Retype the data exactly, skipping any picture in it.

(Given material)

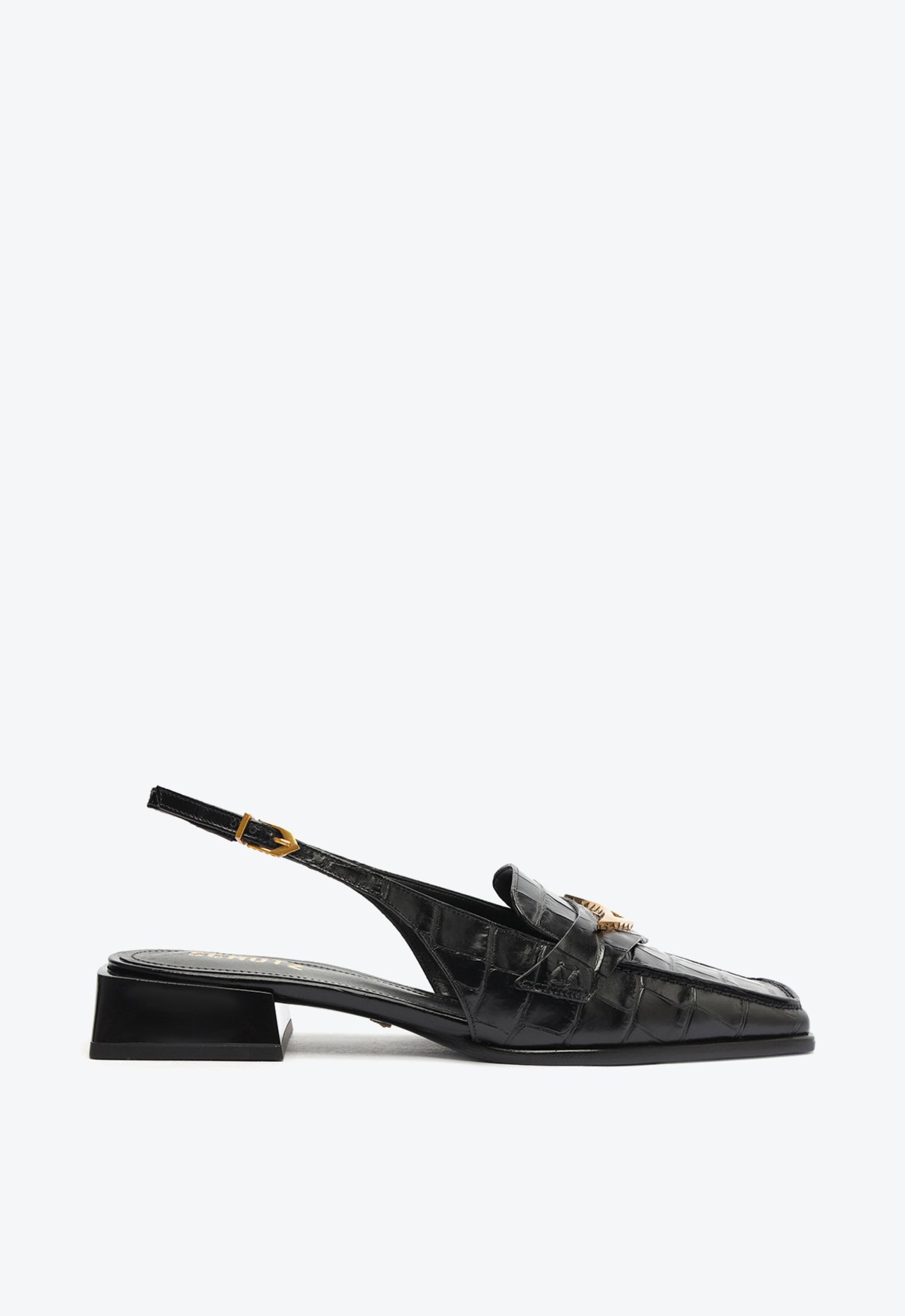Sapatilha Preta Schutz Slingback Couro Croco | ZZ MALL
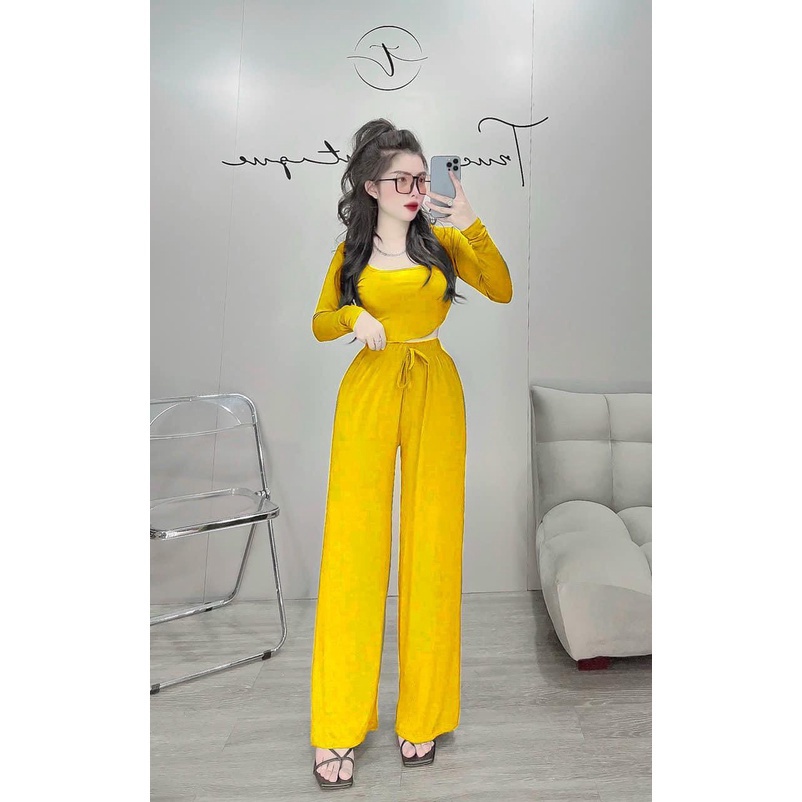 Set bộ thun áo vạt bầu cổ vuông tay dài, quần ống suông rộng thiết kế đơn giản mặc đi chơi sa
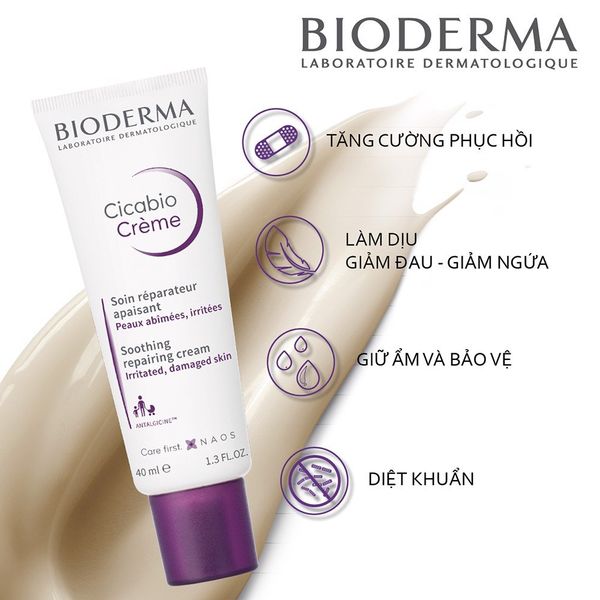Kem dưỡng ẩm phục hồi và làm dịu làn da tổn thương Bioderma Cicabio Cream  40ml | Lala Cosmetics - Thiên đường mỹ phẩm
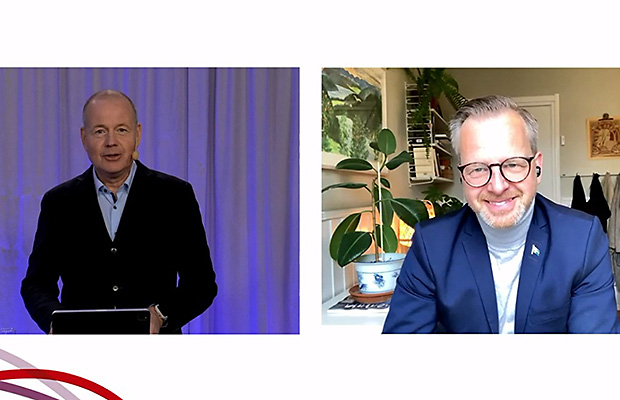 Webbsändning från Rakeldagen. Bild på Morgan Olofsson, kommunikationsdirektör MSB från studion och bild på Mikael Damberg, inrikesminister som sänder via webbkamera från hemmiljö.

(End Given material)

### Result for this exercise:
Sapatilha Preta Schutz Slingback Couro Croco | ZZ MALL
 Set bộ thun áo vạt bầu cổ vuông tay dài, quần ống suông rộng thiết kế đơn giản mặc đi chơi sa
Kem dưỡng ẩm phục hồi và làm dịu làn da tổn thương Bioderma Cicabio Cream  40ml | Lala Cosmetics - Thiên đường mỹ phẩm
 Webbsändning från Rakeldagen. Bild på Morgan Olofsson, kommunikationsdirektör MSB från studion och bild på Mikael Damberg, inrikesminister som sänder via webbkamera från hemmiljö.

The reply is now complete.